On this Thanksgiving day, I know how much I have to be thankful for. I have my Ben, my beautiful Laura, and my big hearted and now sober Nick. No matter what happens, we are there for each other. I am going to Grand Junction and my whole family will be there. I will be with both brothers and their families, my sister and her husband who is like another brother to me. Both of my parents are 90 now and still with us. We stay at a winery in Palisade in a huge suite kind of thing. It is two bedrooms on either end and then a giant kitchen and living area in between. We also get the room across the hall. My family used to all meet somewhere in the mountains for Thanksgiving. The western slope people would head east and us city folks would head west. We would meet in Breckenridge, Dillon, somewhere in between and rent a house. Then Mom and Dad got to where that was no longer possible.

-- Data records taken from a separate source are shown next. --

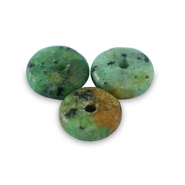 Piedras naturales Serpentina rondeles 6mm Verde tr&eacute;bol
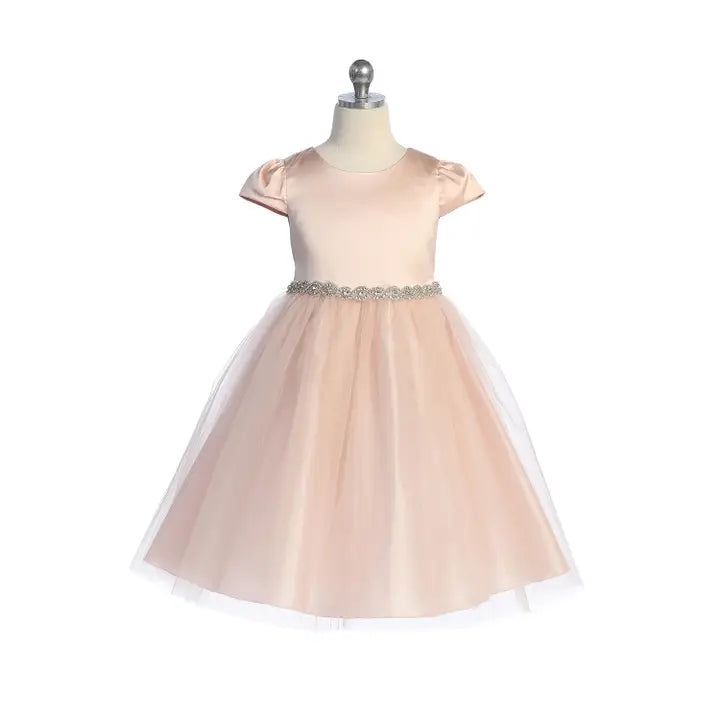 Girls' Capped Sleeve Satin Rhinestone Tulle Dress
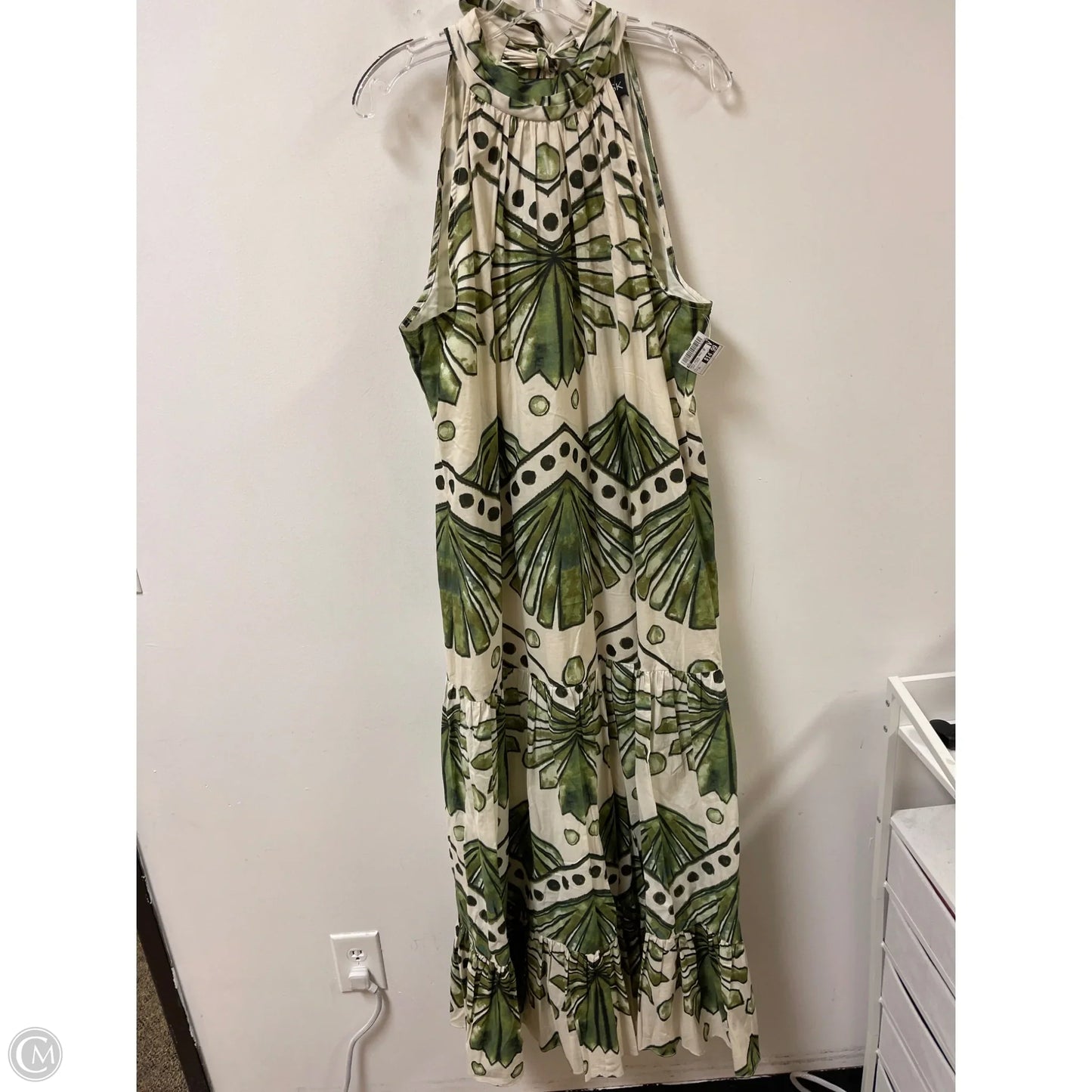 Dress Casual Maxi By Msk In Cream & Green, Size: Xl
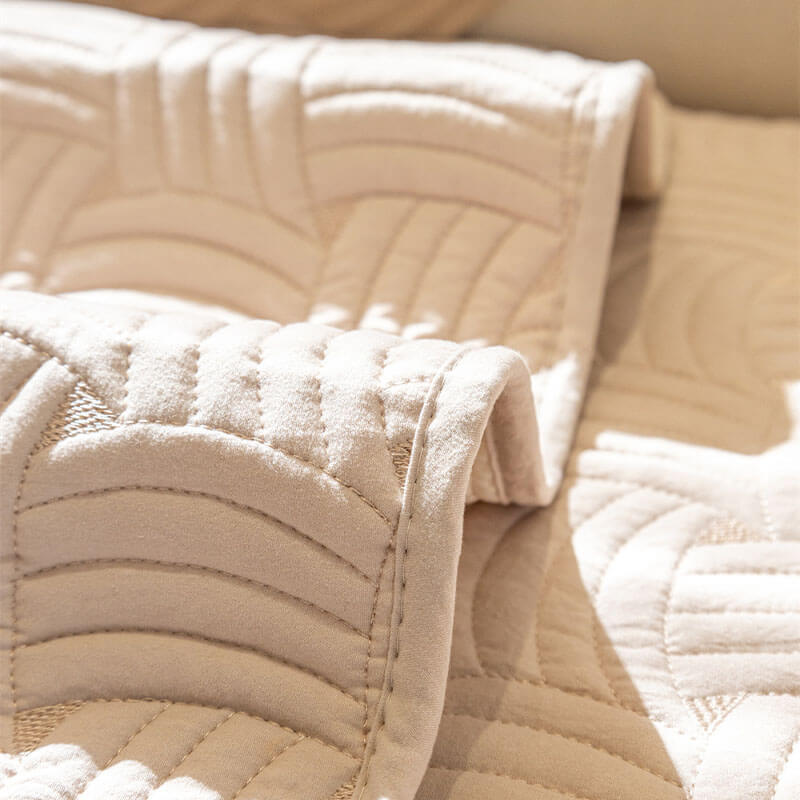 Weave Pattern Cotton Quilted Sectional Couch Cover, Non-Slip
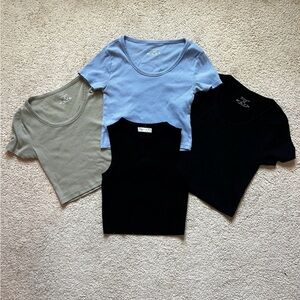 Primark Basic Cropped Tops Bundle – 4 Shirts Size XS–S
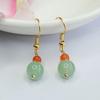 Brincos de Aventurina Verde Natural Guan Yu Gancho de Orelha Vintage de Jade para Mulheres Atacado de Fábrica Dropshipping S4010105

So, now we make new memories in lovely Palisade. We just go get them each day from their apartment in Grand Junction and bring them over. That way they can still take their naps and be back in time to sleep in their own beds. It works and I am so thankful. Sometimes the family dynamic gets me stressed after a few days. You know, it is mostly the women. We all want to be in charge. Now, you and I know who is really in charge. Ha! Not the case. It is a battle sometimes. As we all age though I have grown to ignore more of the stuff that really doesn’t matter and just enjoy being together. The kids have a blast and there is no boredom! We eat for 3 days straight. There is always a puzzle going. I take the kids to the hot tub. Sometimes we go look around at some of the other wineries. Palisade feels very Mayberry to me. I have always liked it there. It is quiet and still.
There will be stories. I can’t wait for more stories. I’m hoping one of the kids can get my dad to sing “Cockles and Mussels.” Pray on that one for me, would ya?